Complex heart diseases involve interplay of altered biophysics of cardiac myocytes combined with wave dynamics in cardiac tissue. Therefore, it is imperative to study the effects of various abnormalities on multiple levels (single-cell, 2D tissue and 3D whole heart). We have developed detailed single cell biophysical models of human induced pluripotent stem cells-derived cardiomyocytes (hiPSC-CMs), adult ventricular myocytes and cardiac Purkinje cells. These single cell models, along with two-dimensional tissue models and three-dimensional ventricular models, were used to study mechanisms of ion channel mutations and inherited arrhythmias such as those in Long QT syndrome, Short QT syndrome, and catecholaminergic polymorphic ventricular tachycardia (CPVT). These projects have been supported by Scientist Development Grant by American Heart Association (AHA) (2012-2017) and ongoing NIH grant (2019-2022).
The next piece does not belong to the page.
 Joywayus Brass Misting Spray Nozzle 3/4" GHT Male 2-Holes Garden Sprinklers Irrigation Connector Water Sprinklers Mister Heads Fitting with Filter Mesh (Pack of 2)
We employ advanced optics methods to stretch biological cells in a microfluidic assembly without any mechanical contact to record and characterize their cytoskeletal elasticity. An on-chip dual-beam optical tweezer setup is used to trap and stretch the cells flowing through a microfluidic channel. Our experiments showed distinct stretching curves for different cell types. Specifically, based on distinct cytoskeletal stretching properties, it is possible to identify breast cancer cells even before any morphological changes begin to manifest. For reliably identifying cancer cells, the optical microfluidic setup will be extended to accommodate Surface Enhanced Raman Spectroscopy (SERS) to characterize the cell-membrane-bound proteins in biological samples. The SERS substrate will be functionalized to identify early biomarkers of breast cancer such as human epidermal growth factor receptor 2 (HER2). This research has been funded by two NSF grants.
Machine learning and AI methods are being increasingly used to accurately learn complex data patterns and automate analytical model development. We use AI methods such as Artificial Neural Networks, and deep learning networks to facilitate accurate breast cancer tumor identification from histology images, perform underwater obstacle identification for underwater swarm robots and other image-based classification/prediction problems. A genetic algorithm-based hyperparameter optimization algorithm was developed to achieve optimal deep network for each dataset. The deep leaning-based algorithm is also being designed to identify disease progression in Atrial Fibrillation patients and their responsiveness to drug treatment. Deep neural networks are designed to automatically detect and classify faults/defects in semiconductor chips and printer circuit boards (funded by Virginia Microelectronics Consortium-VMEC).